The White Paper also mentions that in 2018 Australia will host the ASEAN – Australia Counter-Terrorism Conference to put in place a plan for collective regional action.
The White Paper notes that Australia will seek election to the UN Security Council as a non-permanent member in 2029-2030, “because we believe elected members can enhance its effectiveness, as Australia did when we were on the Council in 2013-2014.”
The White Paper acknowledges the need for reform at the UN, as it writes:
“The Government recognises that many multilateral institutions have clear limitations. The United Nations system is frequently cumbersome and sometimes responds too slowly to urgent challenges.
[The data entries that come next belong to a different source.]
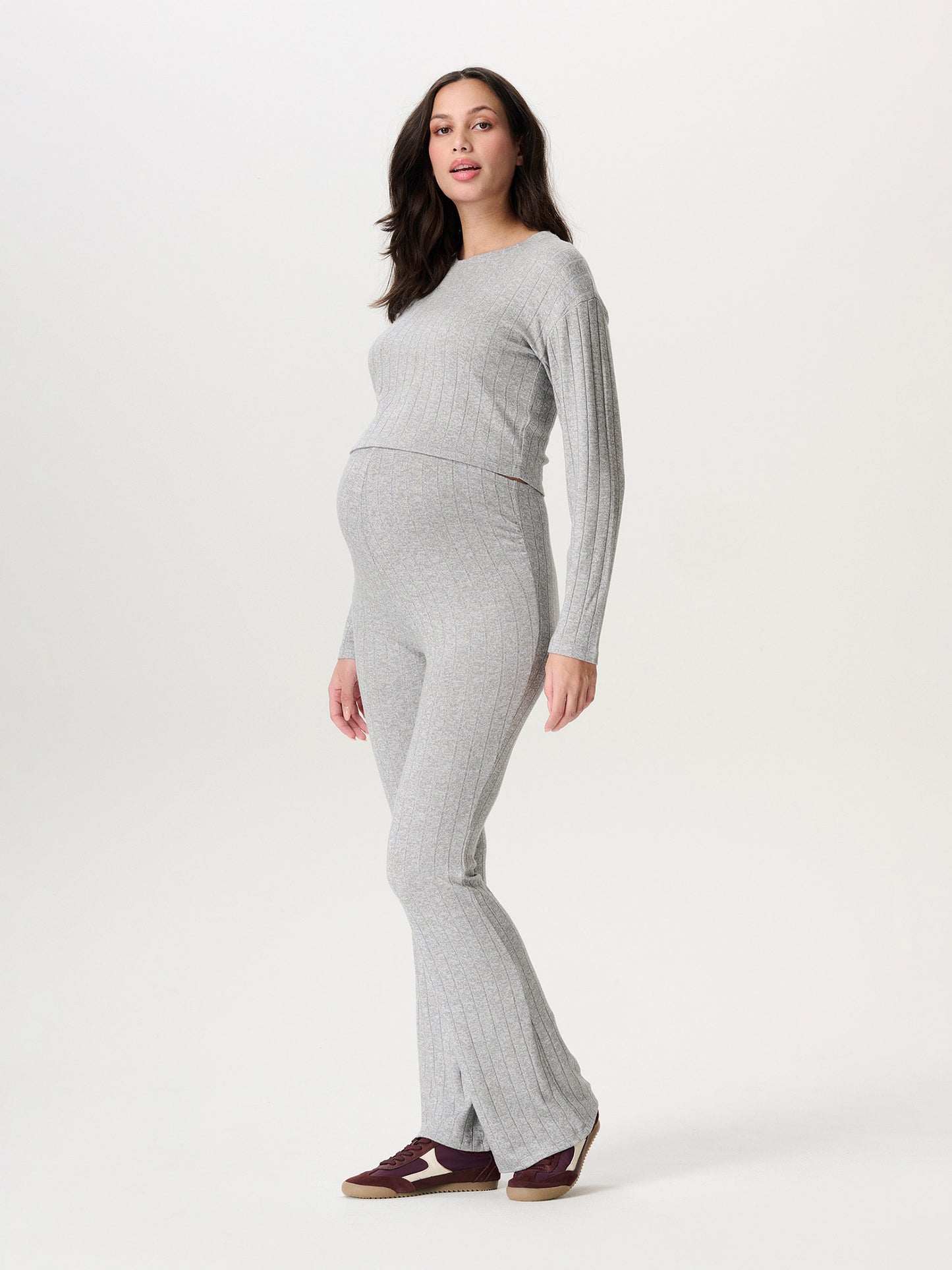Drobak flared pants grey melange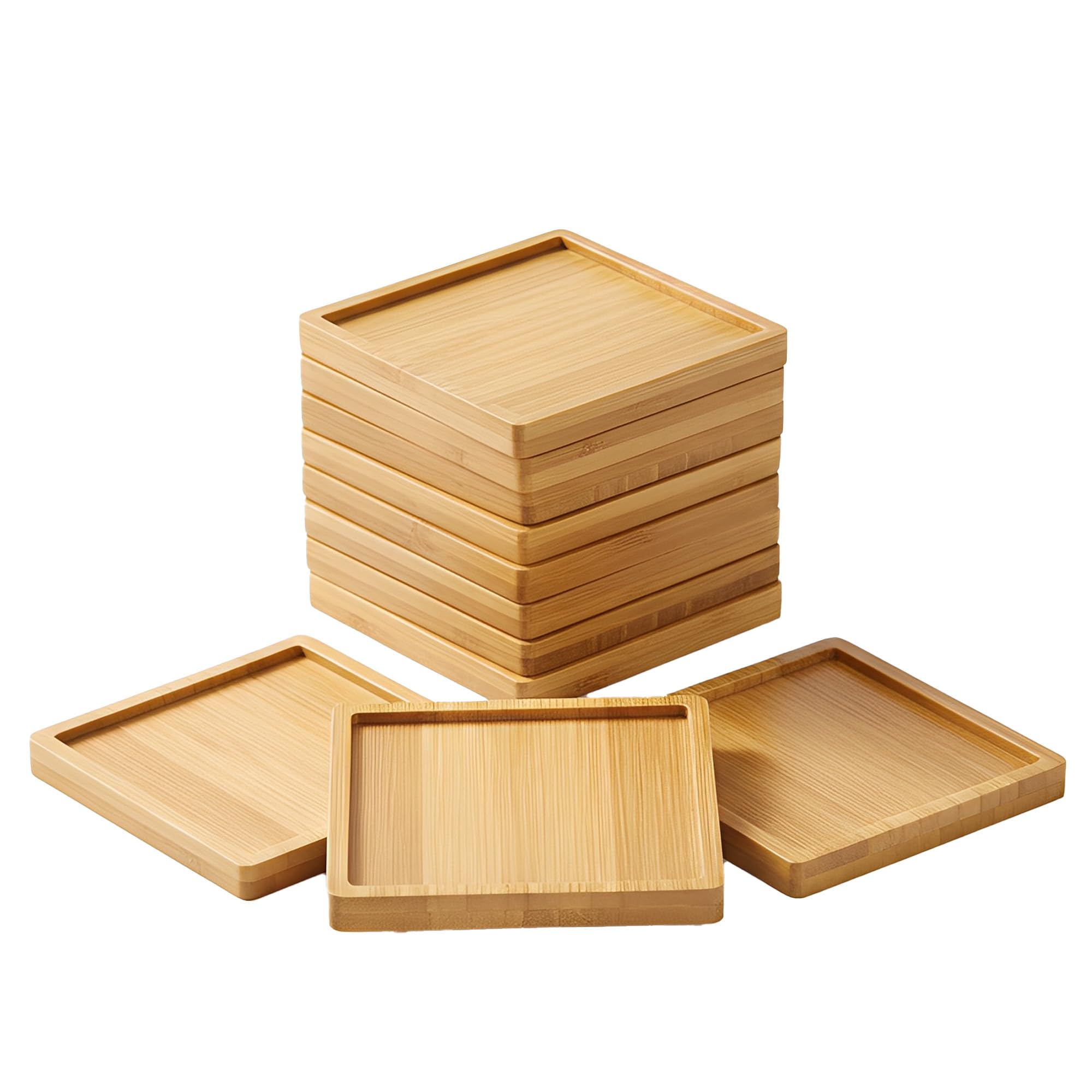 View 1 of **4 ONLY**Bamboo Coasters Blank Mats for Crafts — DIY Mosaic Tile Base, Small Indoor Plant Coasters, Reusable Eco-Friendly Design (10 Pcs Square)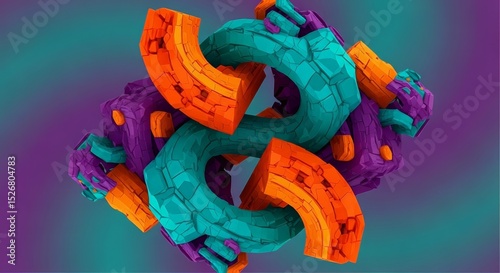 Abstract rendering features dynamic interplay of interlocking teal, orange, purple geometric forms.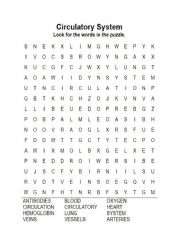 English Worksheet: WORD-RING PUZZLE CIRCULATORY SYSTEM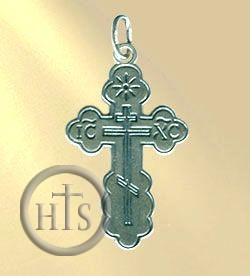 HolyTrinityStore Picture - Pure Sterling Silver Orthodox Cross, 43840-1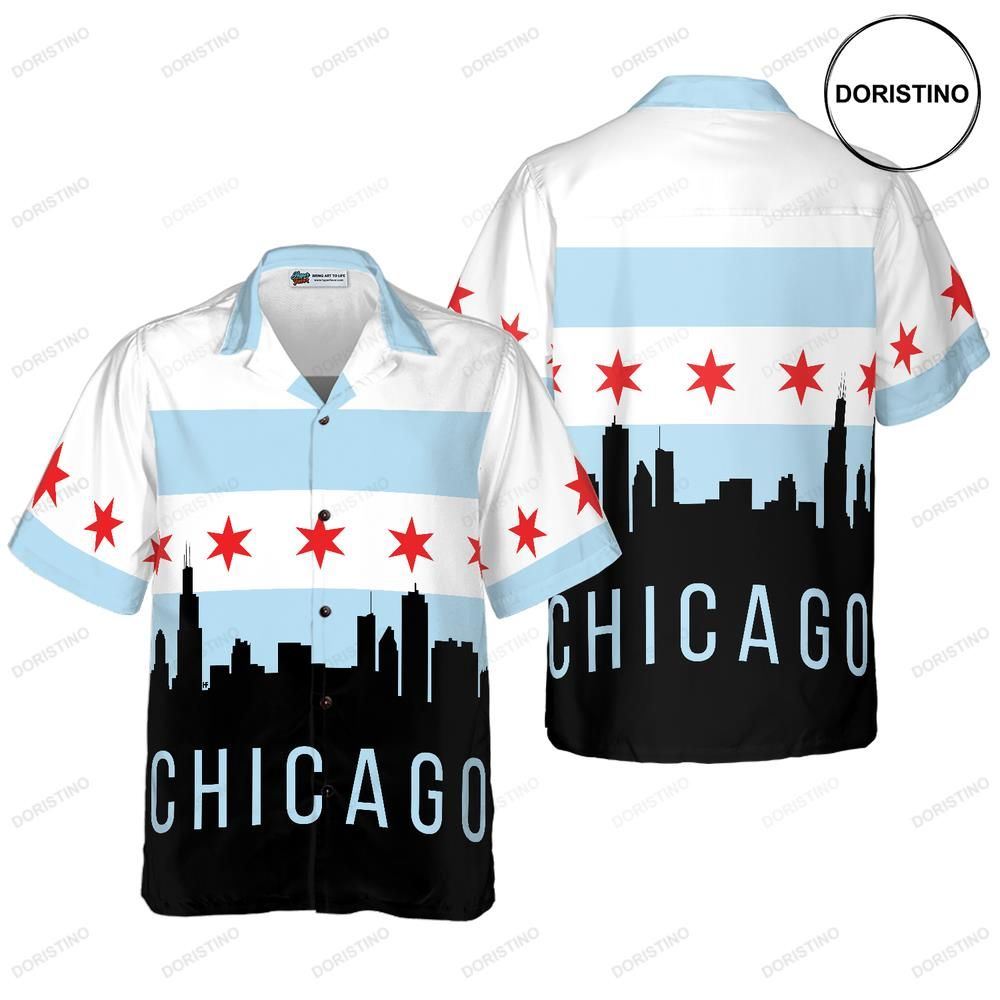 Chicago City Skyline Landmarks Awesome Hawaiian Shirt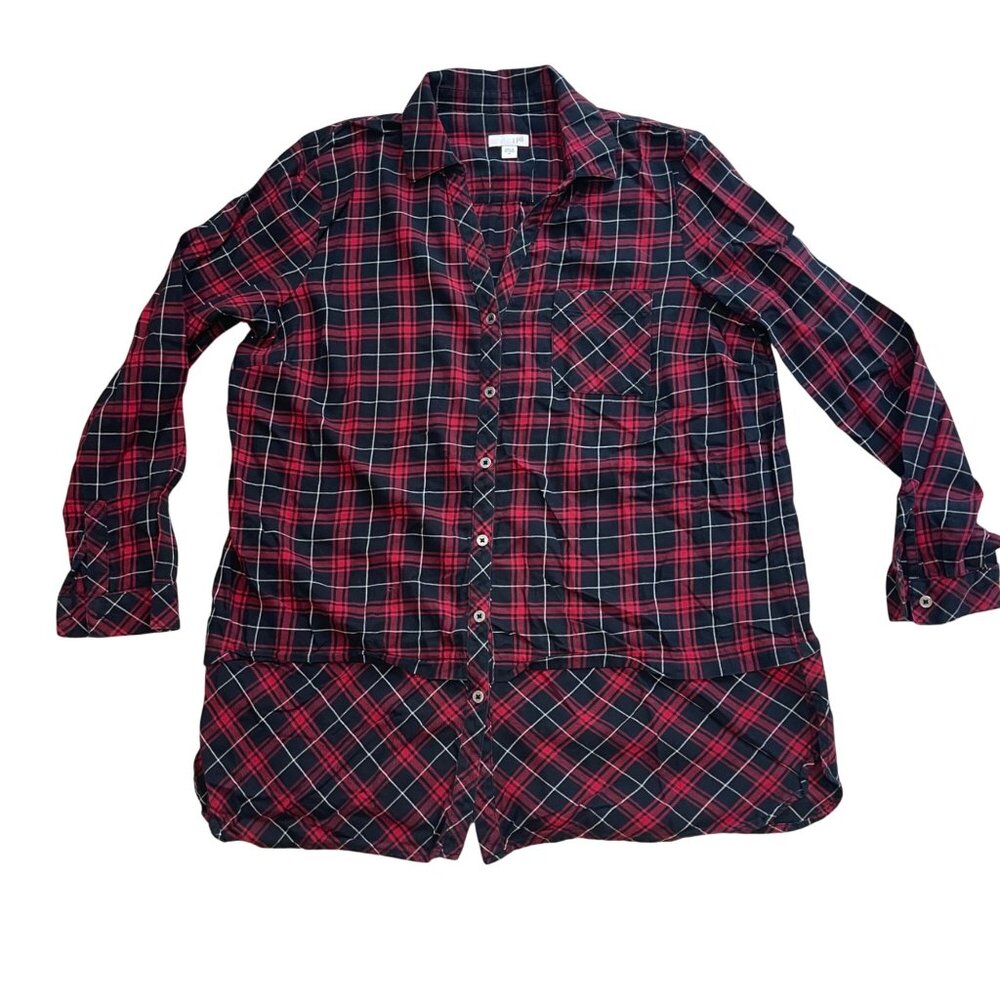 J. Jill Plaid Button Front Tunic Top Women's Size Medium 100% Cotton Red,‎ Black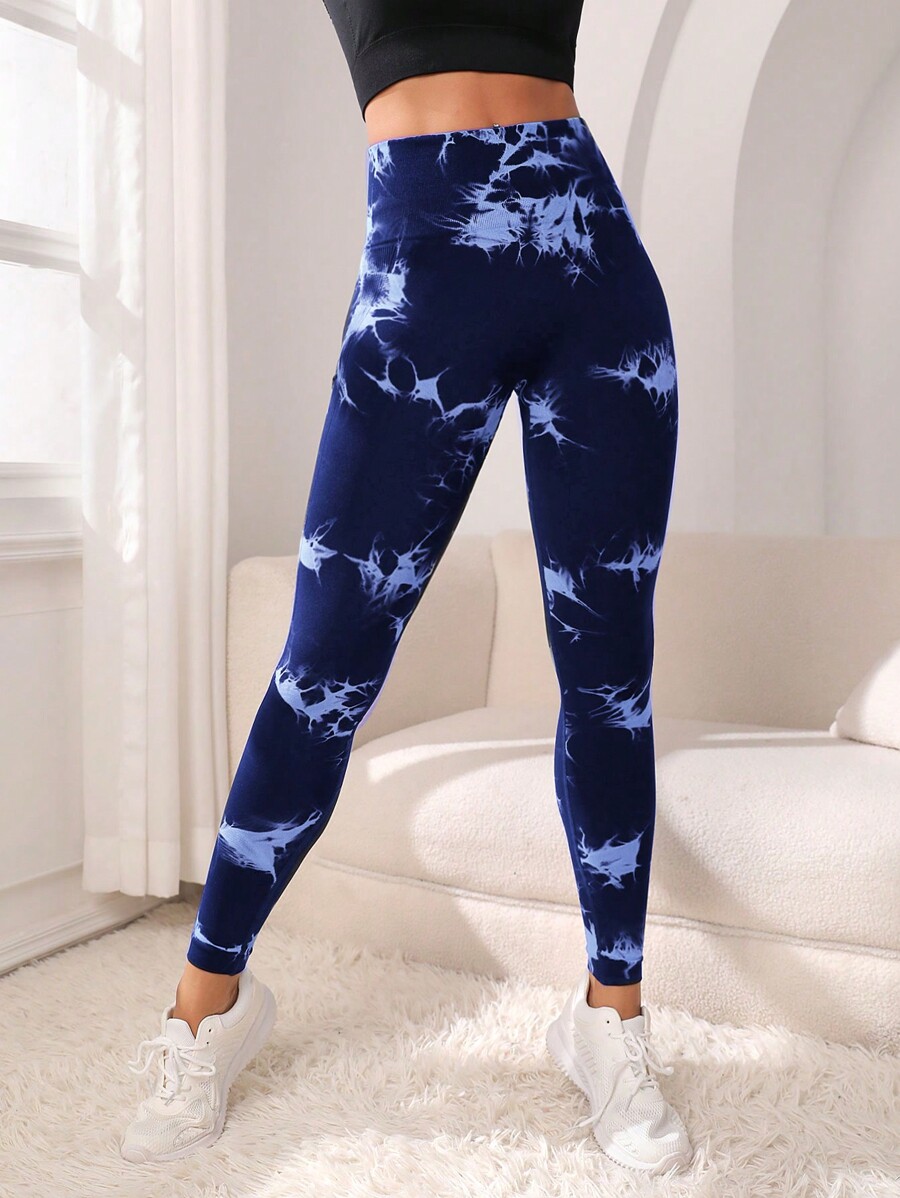 legging deportivo azul tie dye control abdomen levanta cola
Our approach seeks to reinforce the strength, accountability and effectiveness of international institutions.
We will encourage the United Nations and its agencies to better coordinate activities, reform their corporate governance and work more closely with the private sector, including by tapping into private funding. We will continue to support the current Secretary-General’s efforts to reform and strengthen UN peacekeeping, peacebuilding and development systems. We particularly encourage a more coordinated focus on conflict prevention, rather than waiting for crises to develop.”
The disproprotionate focus on Israel by some UN institutions, especially UNESCO and UNHRC, not only reflects entrenched bias against Israel but is also being used as a smokescreen to avoid discussing genuine human rights abuses by other member states. Neverthless, it is to be hoped that Australia can play an important role at the United Nations to encourage more balance on these issues including the promotion of democratic values and universal human rights.
The White Paper sets out a vision for Australia’s foreign policy at a time of great change and uncertainty. It seeks an agenda for security and prosperity including a “flexible and competitive economy” while noting a range of challenges ahead for Australia including growing terrorism and cyber attacks. On these issues Australia’s cooperation with Israel may be very positive, as Israel is considered a global leader in innovation and defence including counterterrorism and cyber technology. Therefore, the Australia-Israel “partnership” has the potential to reap mutual benefits that may help both nations successfully navigate the murky international waters ahead.